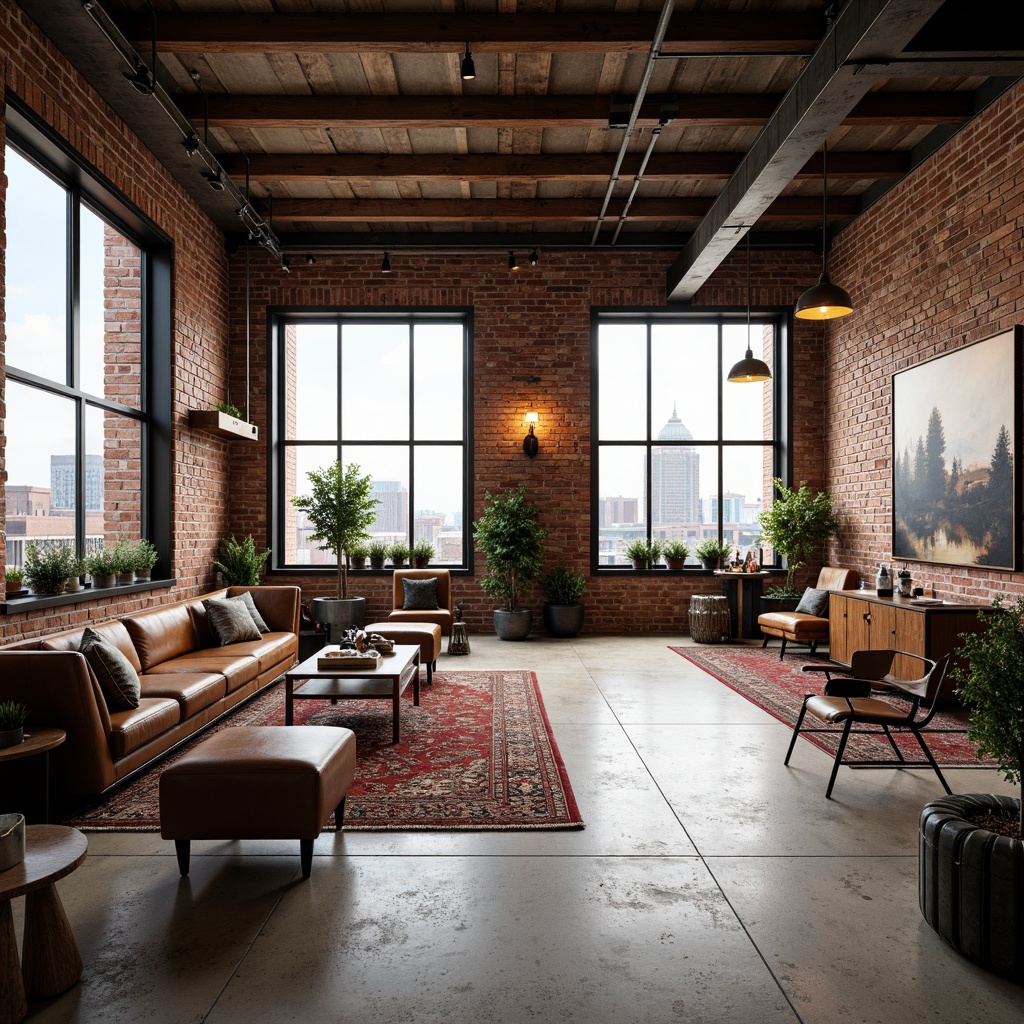 Prompt: Exposed brick walls, polished concrete floors, industrial metal beams, reclaimed wood accents, eclectic mix of vintage and modern furniture, abundance of natural light, airy atmosphere, urban city views, floor-to-ceiling windows, minimalist decor, distressed leather sofas, ornate antique rugs, artistic lighting fixtures, abstract artwork, cozy reading nooks, lush greenery, warm earthy tones, soft warm lighting, shallow depth of field, 3/4 composition, panoramic view, realistic textures, ambient occlusion.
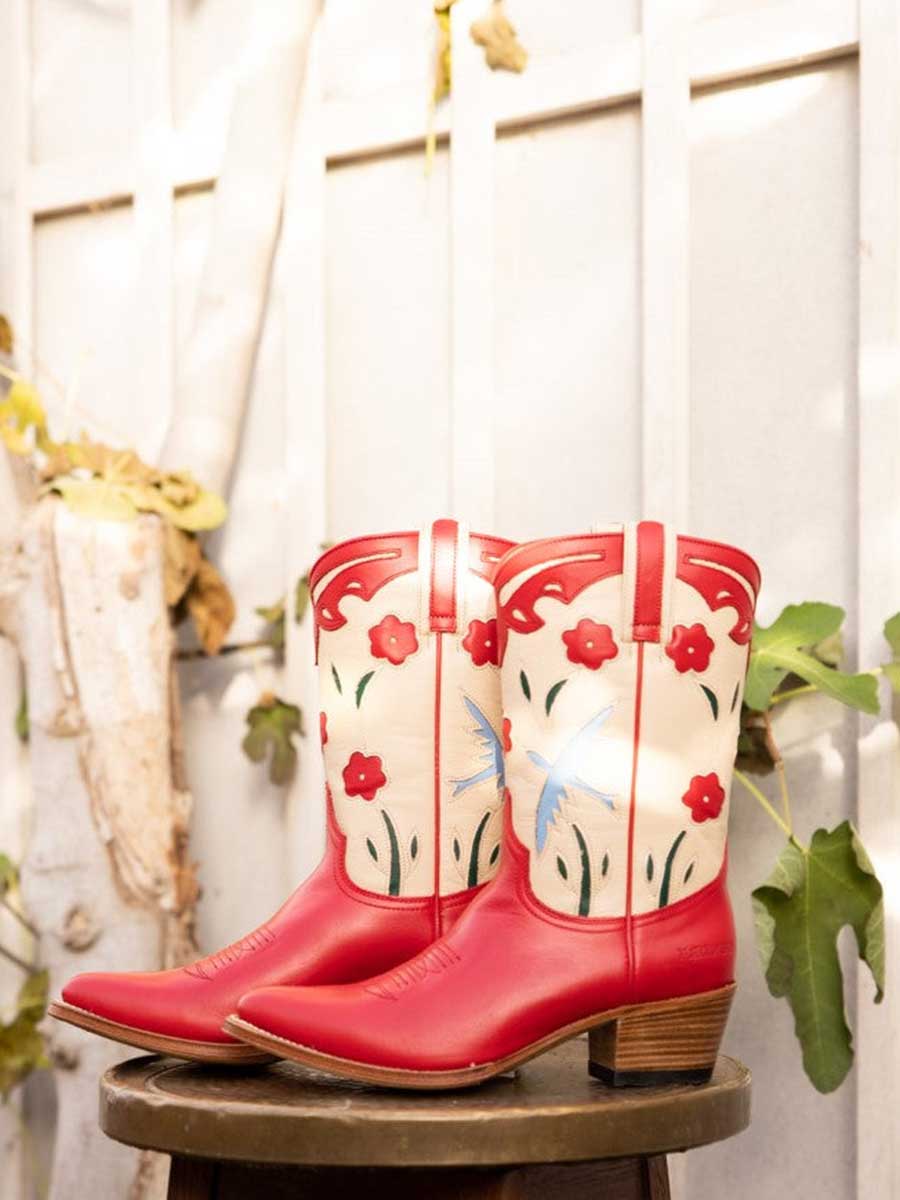 Red Vegan Leather Colorful Floral Patch-Work Wide-Calf Cowgirl Boots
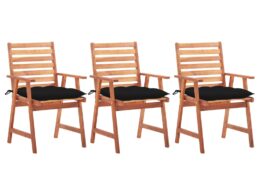 vidaXL Patio Dining Chairs 3 pcs with Cushions Solid Acacia Wood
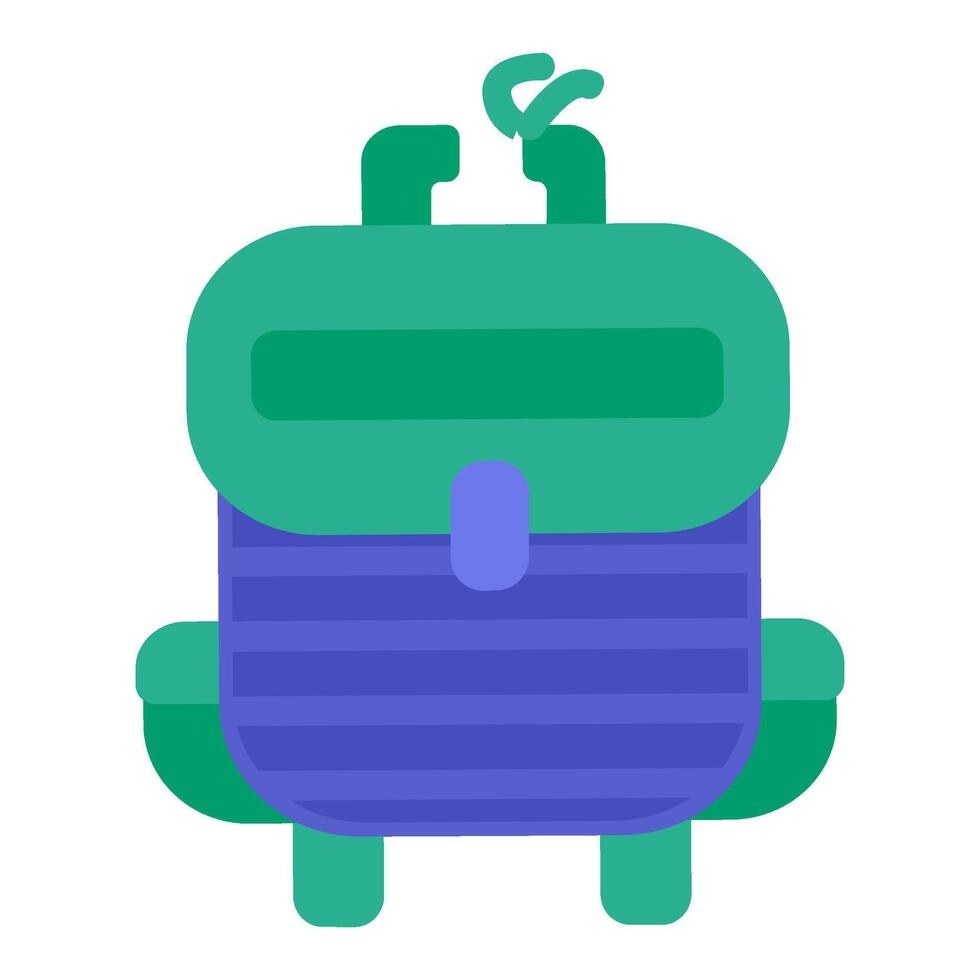 Textile Waste Backpack Torn Handle Flat Icon vector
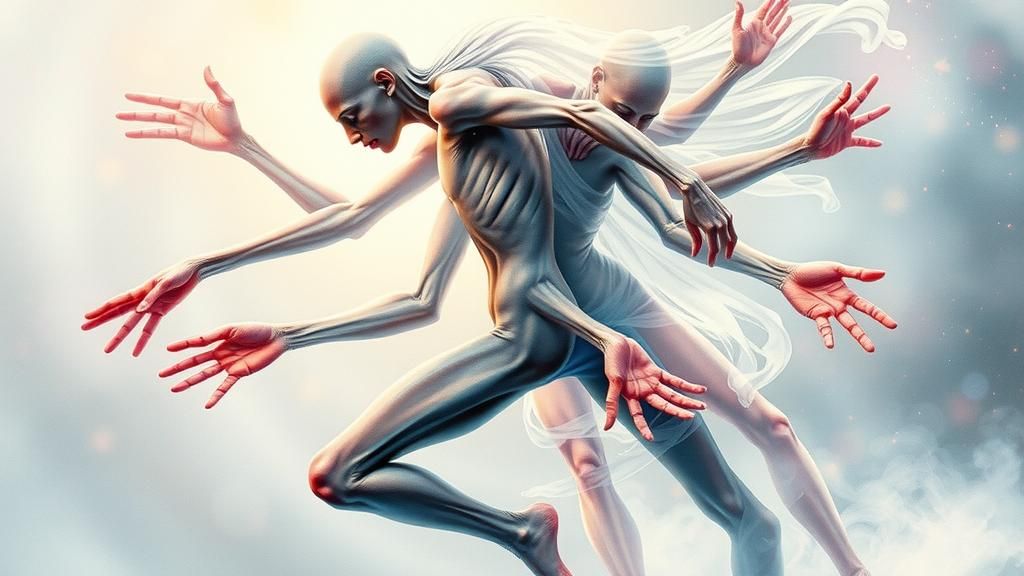 Surreal Transformation: Dreamlike Figure in Watercolor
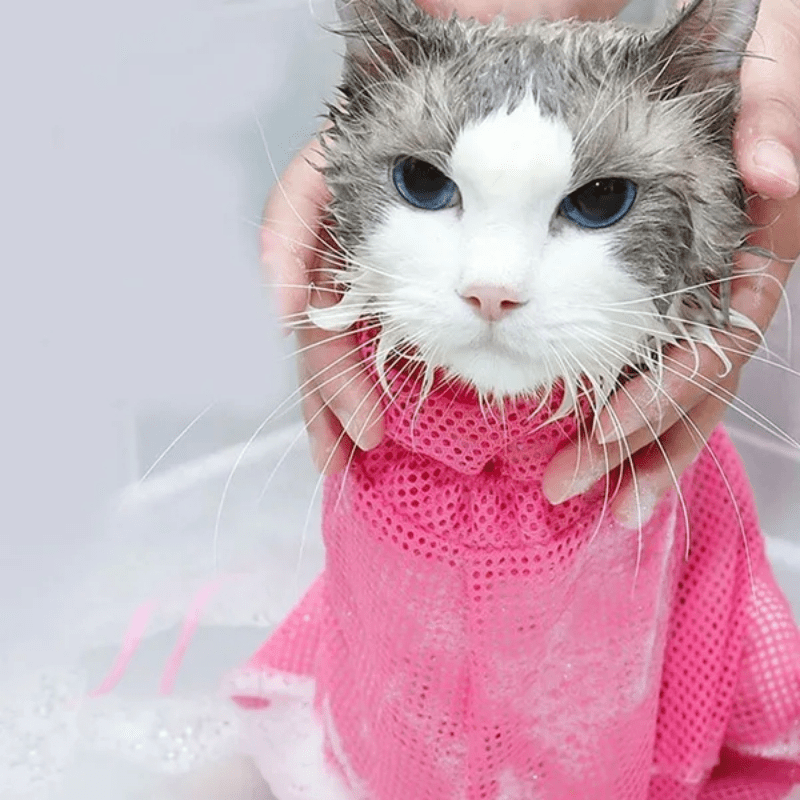 Cat Bath Grooming Bag - Keep Your Cat Clean & Comfortable, Prevent Scratches - Soft, Quick Wrap Design for Easy Bath Time - Bathing Aid for Kittens & Adult Cats - Pet Grooming Accessory, Bath Accessories, Soft Fabric Material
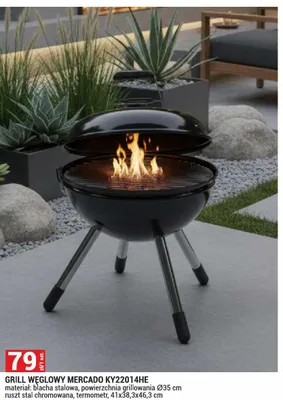 Grill węglowy Mercado KY22014HE materiał: blacha stalowa powierzchnia grillowania Ø35cm ruszt stal chromowana termometr 41x38,3x46,3cm promocja w Merkury Market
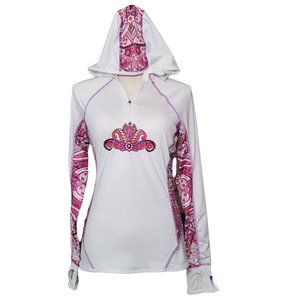 Athleta Hooded Running Top XS White and Purple Excellent Condition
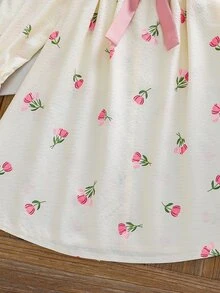 SHEIN Young Girl Floral Print Bow Decor Casual Daily Summer Dress - Pink - View 3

◆ ◆ ◆ ◆

Work order —
Return every line shown above without changing a word, and skip the pictures.

Your response —
 Prompt: Exposed brick walls, polished concrete floors, industrial metal beams, reclaimed wood accents, eclectic mix of vintage and modern furniture, abundance of natural light, airy atmosphere, urban city views, floor-to-ceiling windows, minimalist decor, distressed leather sofas, ornate antique rugs, artistic lighting fixtures, abstract artwork, cozy reading nooks, lush greenery, warm earthy tones, soft warm lighting, shallow depth of field, 3/4 composition, panoramic view, realistic textures, ambient occlusion.
 Red Vegan Leather Colorful Floral Patch-Work Wide-Calf Cowgirl Boots
 vidaXL Patio Dining Chairs 3 pcs with Cushions Solid Acacia Wood
 Textile Waste Backpack Torn Handle Flat Icon vector
 Surreal Transformation: Dreamlike Figure in Watercolor
 Cat Bath Grooming Bag - Keep Your Cat Clean & Comfortable, Prevent Scratches - Soft, Quick Wrap Design for Easy Bath Time - Bathing Aid for Kittens & Adult Cats - Pet Grooming Accessory, Bath Accessories, Soft Fabric Material
 Grill węglowy Mercado KY22014HE materiał: blacha stalowa powierzchnia grillowania Ø35cm ruszt stal chromowana termometr 41x38,3x46,3cm promocja w Merkury Market
 Athleta Hooded Running Top XS White and Purple Excellent Condition
 SHEIN Young Girl Floral Print Bow Decor Casual Daily Summer Dress - Pink - View 3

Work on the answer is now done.